◆ Source data:
▶
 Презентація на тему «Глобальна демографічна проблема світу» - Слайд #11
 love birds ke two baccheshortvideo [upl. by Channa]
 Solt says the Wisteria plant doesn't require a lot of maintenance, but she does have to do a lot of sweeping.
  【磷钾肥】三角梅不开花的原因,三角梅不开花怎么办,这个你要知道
◀
▶
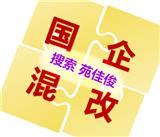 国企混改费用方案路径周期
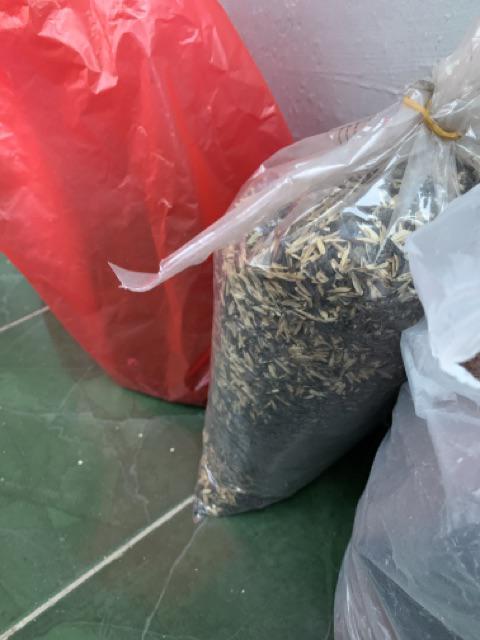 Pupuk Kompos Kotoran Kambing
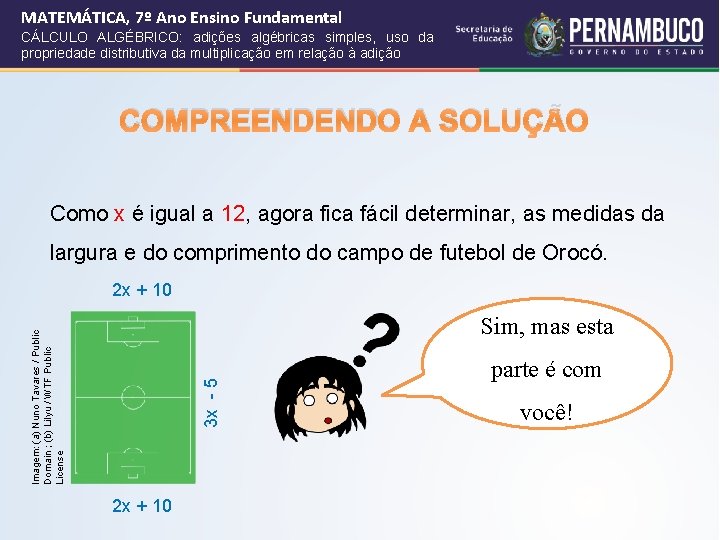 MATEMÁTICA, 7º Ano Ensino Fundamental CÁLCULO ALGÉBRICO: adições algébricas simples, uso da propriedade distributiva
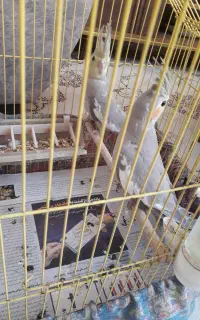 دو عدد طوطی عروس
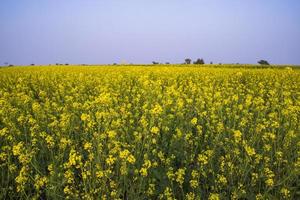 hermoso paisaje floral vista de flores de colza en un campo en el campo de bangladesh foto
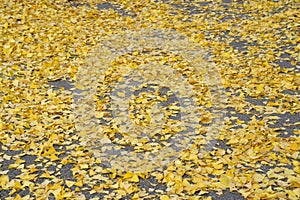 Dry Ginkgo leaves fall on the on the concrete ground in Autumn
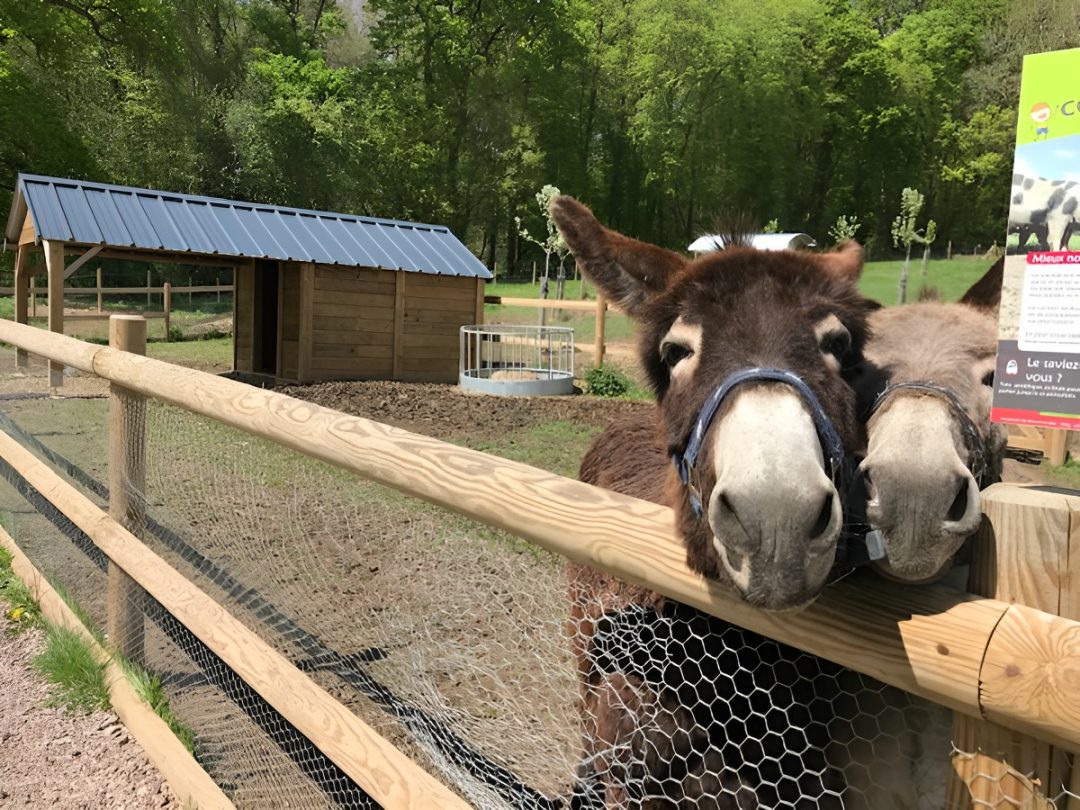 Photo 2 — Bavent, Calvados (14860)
◀
◆ Assignment: Starting at the line with "دو عدد طوطی عروس" and finishing at the line with "Photo 2 — Bavent, Calvados (14860)", copy the material above exactly, both lines included. Nothing else goes in, and no pictures.

◆ Exercise answer:
 دو عدد طوطی عروس
 hermoso paisaje floral vista de flores de colza en un campo en el campo de bangladesh foto
 Dry Ginkgo leaves fall on the on the concrete ground in Autumn
 Photo 2 — Bavent, Calvados (14860)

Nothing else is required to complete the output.